Let's face it ... death stings. When Paul cries in I Corinthians, "oh, death, where is your sting?" I'm yelling back, "it's here! it's here!'. Ok, so I know Paul's point was the eternal sting of death was over as we face the glorious hope of Heaven with Jesus, but still...even Jesus identified with us in our grief as He wept over Lazarus' dead body.
I remember them as they wheeled the cart around the corner and my Kokomo Jo was gone. I didn't know if she would live another day. The doctor sat on my beside and held my hand. She was born at Christmas, so my doctor whispered, "ponder these moments in your heart, as Mary did".

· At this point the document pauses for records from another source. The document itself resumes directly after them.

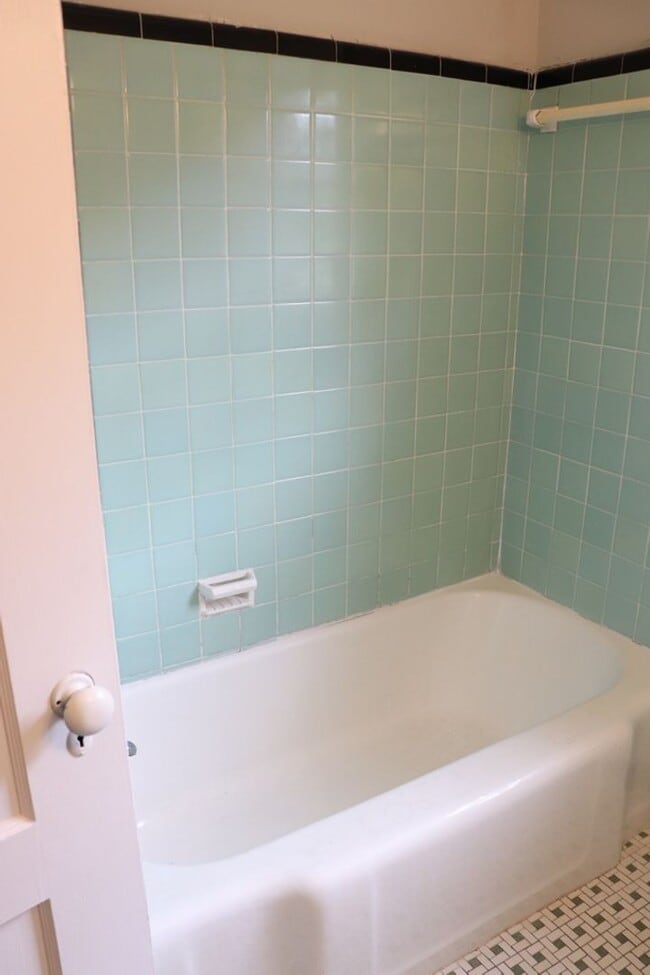 Building Photo - Charming 2-bedroom waiting to be yours !!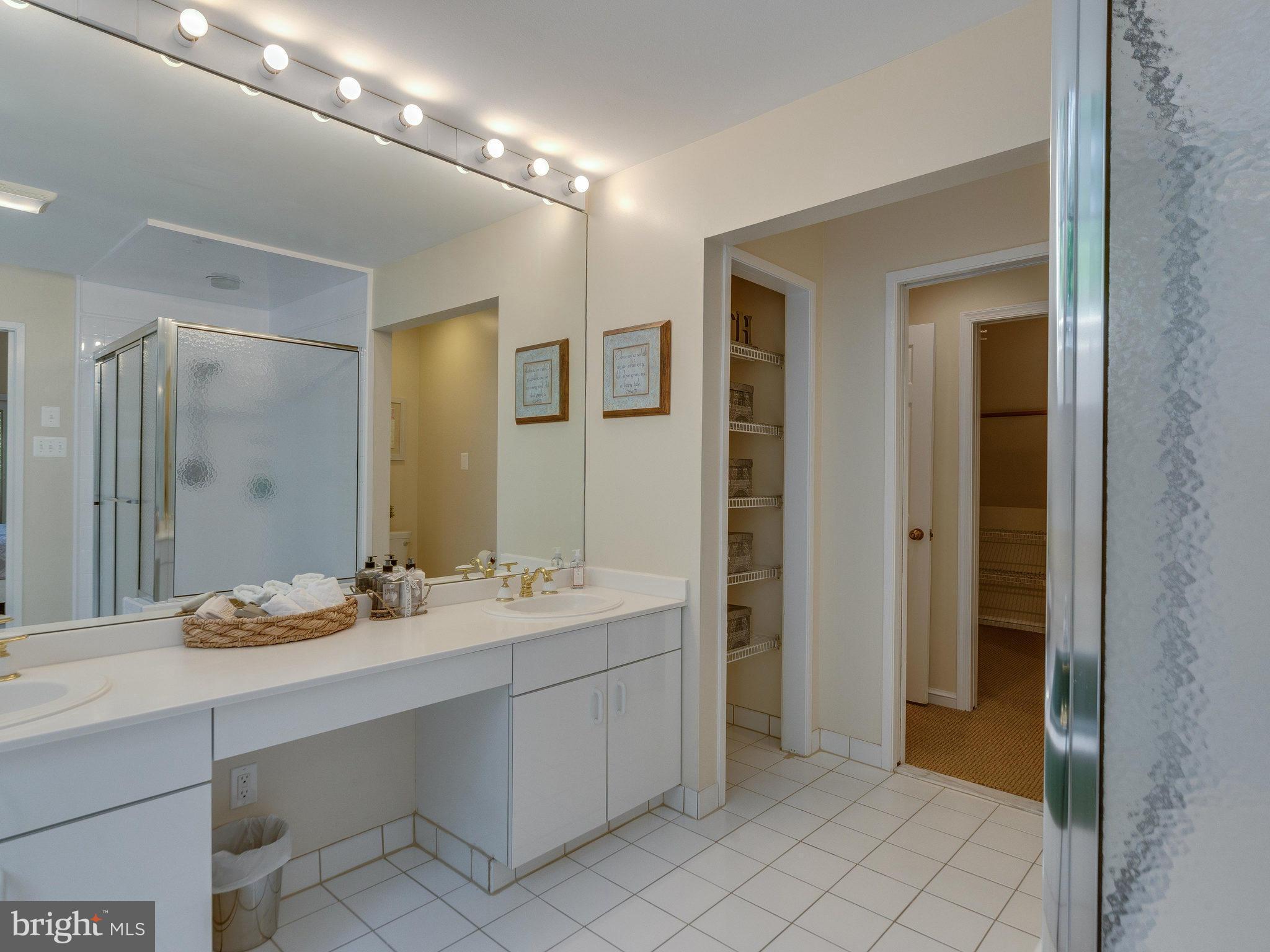 10901 Lawyers Road Reston, VA 20191 - Photo 18 of 30 Bath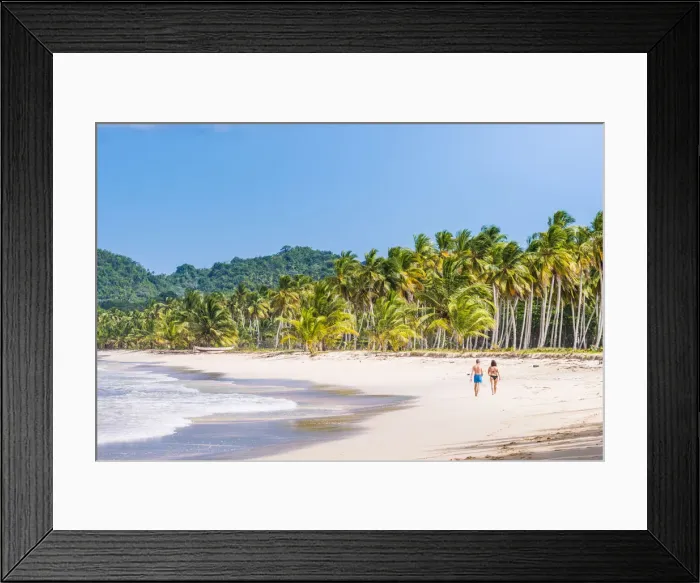 Framed Print : Playa Rincon, Samana Peninsula, Dominican Republic. Couple walking on the beach (MR) Framed Print : Playa Rincon, Samana Peninsula, Dominican Republic. Couple walking on the beach (MR)
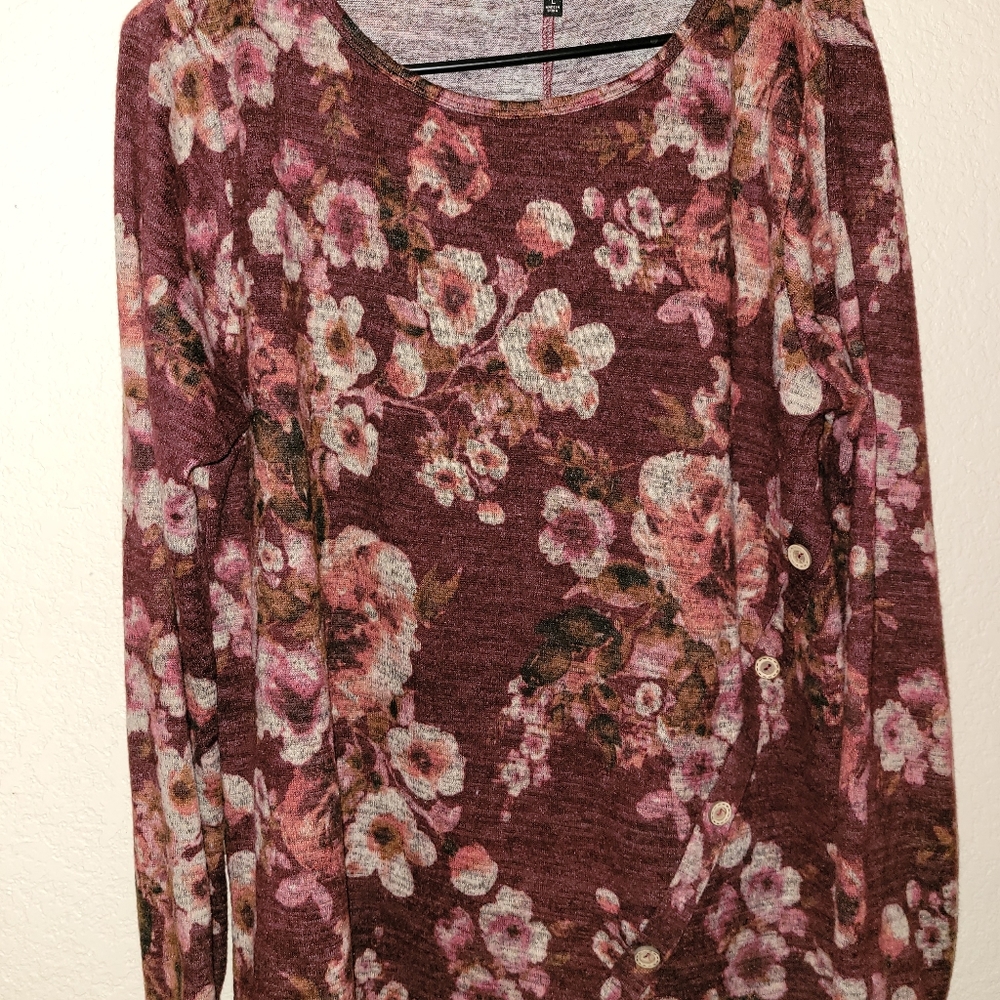 Staccato Maroon Sweater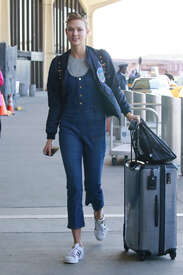 Karlie-Kloss-out-in-NYC--06.jpg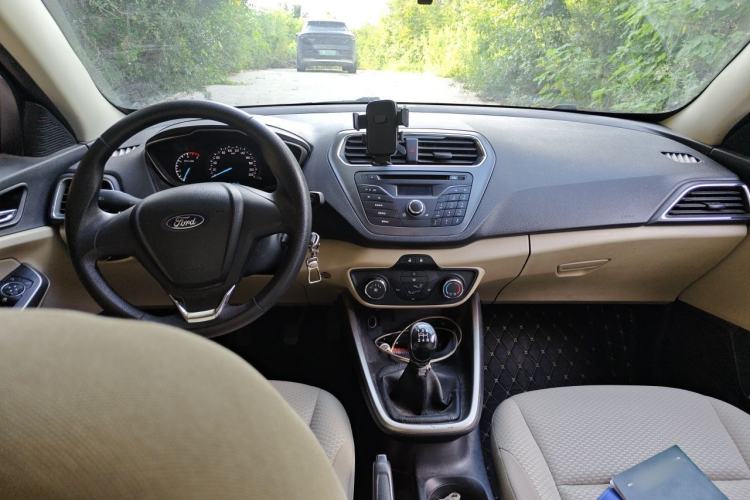 Used Ford Escort 2015 1.5L Manual Comfort Model Center Console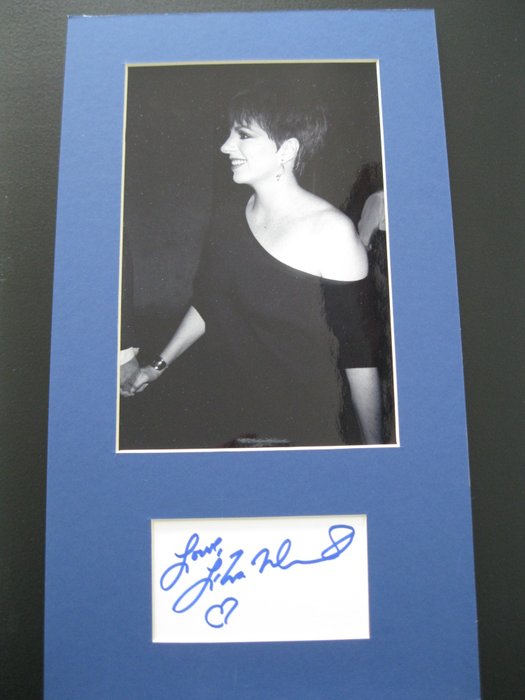 Hollywood Legend - Liza Minelli - Original autograph, signed in person together with Maxi Photo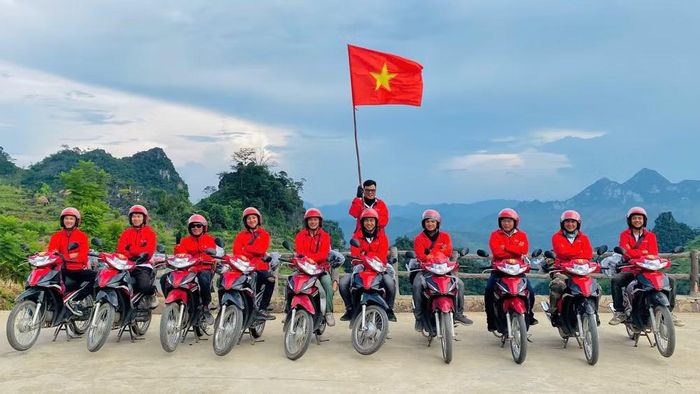 khoảng 100 xe mô tô, xe máy sẽ tham gia Chương trình Roadshow truyền thông, quảng bá “Du lịch trải nghiệm an toàn bằng xe mô tô, xe máy” năm 2026. Ảnh: Sở VHTTDL Tuyên Quang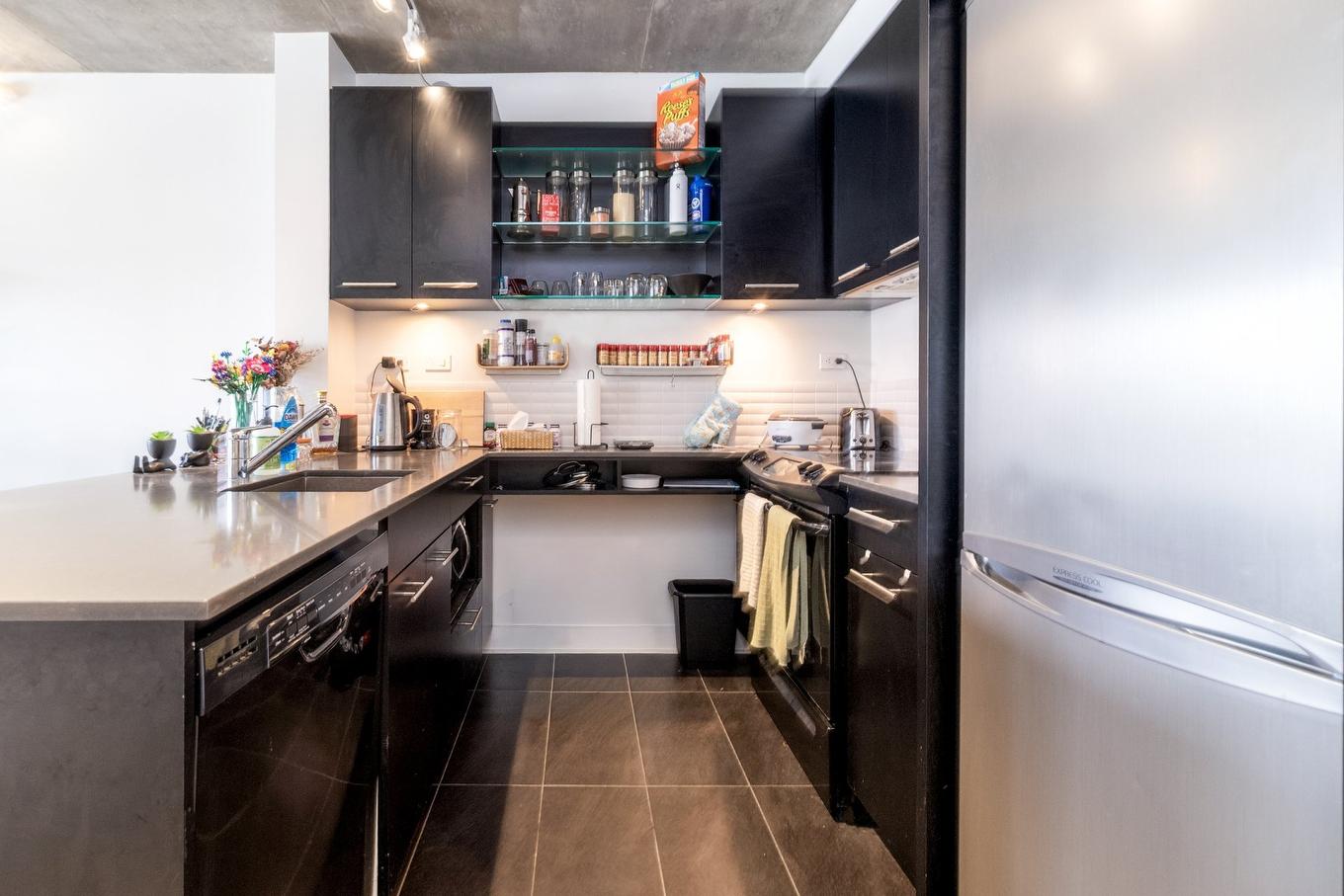 Cuisine - 907-1414 Rue Chomedey, Montréal (Ville-Marie), QC - Indoor Photo Showing Kitchen With Upgraded Kitchen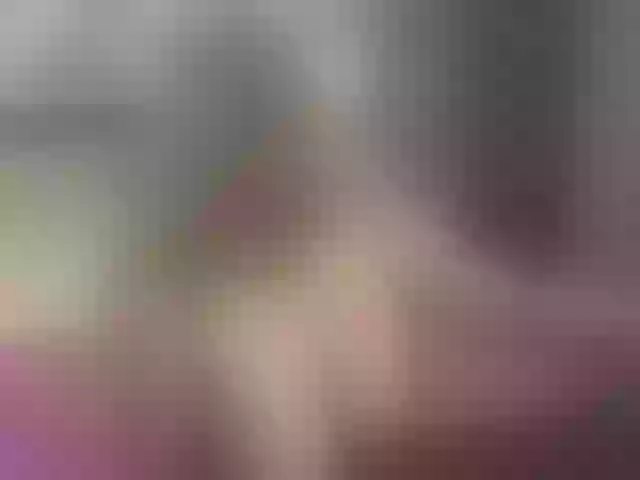 Live sex webcam photo for come2mom #245184428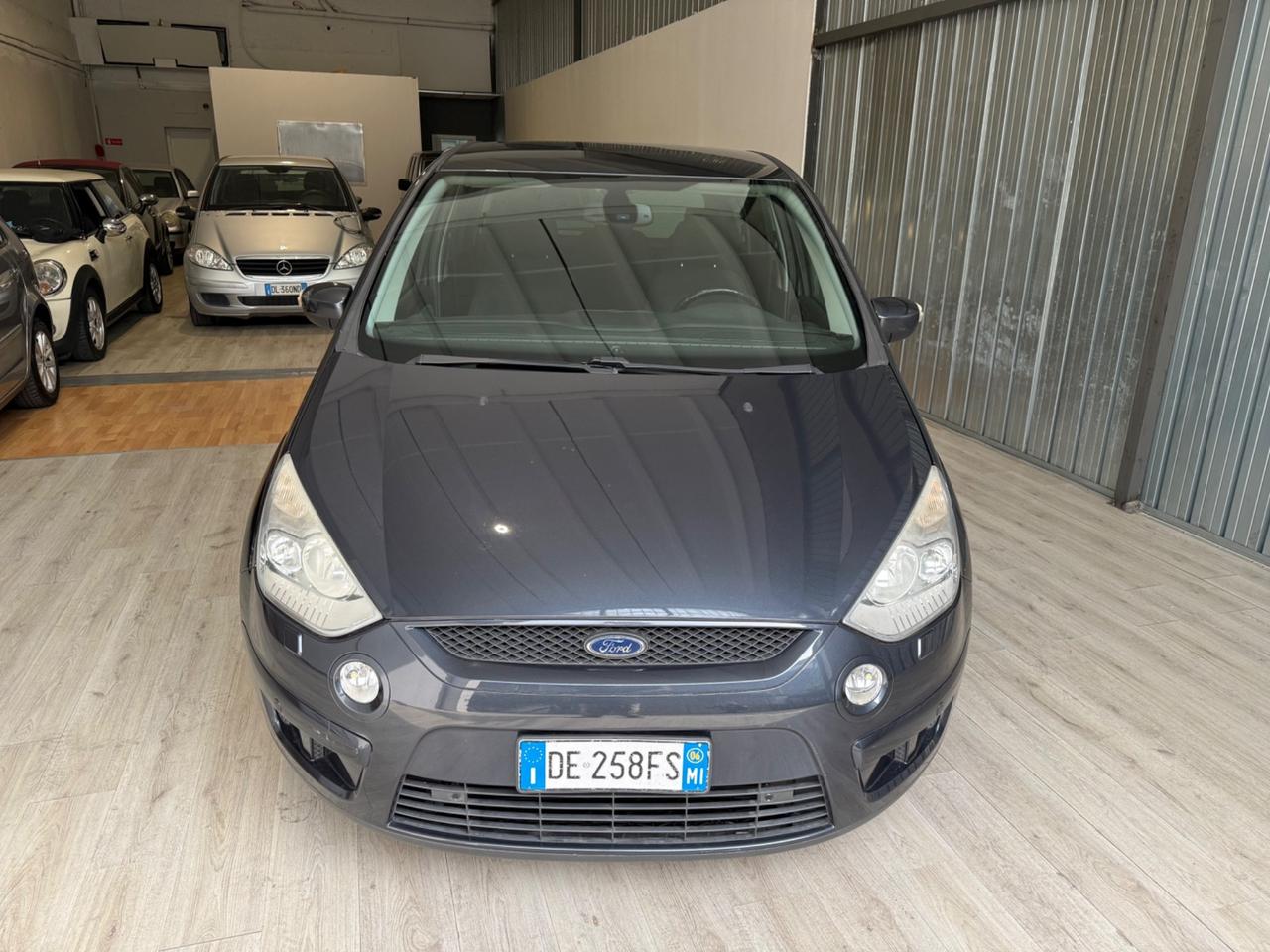 Ford S-Max Titanium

His point? Trust that the Lord has a plan we cannot fathom or understand. I cannot fathom seeing my daughter's vivid blue eyes, earnest and needing for her mommy, fade as I pass into Jesus' arms. She needs me. She needs her mommy. God. How could I ever bid her farewell?
Yet one thing is certain ... and I learned it that night when she slipped from my grasp... my daughter is not my own. She never was. She is a gift. Our time together is a gift. The responsibility of being her mommy is a wonderful, precious gift. I will not have too short of time, nor will I have too long of time. I will have the perfect time. And we will both be entrusted into the care of our Father. Never separated in heart or spirit ... but perhaps one day just by the distance of time.
So I don't live in fear, or dread, but I do find myself relishing the preciousness that is holding her tonight and giggling over pretend spiders that lift couches off of floors, or having a hot chocolate party in her bedroom, or eating chips in bed with the lights out.
Relish your time. It is a gift. Shoo away the crabby and cranky ... Stephen King may show the finality of death, but he also captured the beauty of relationships forged in love and devotion...and that, never goes away and continues into eternity.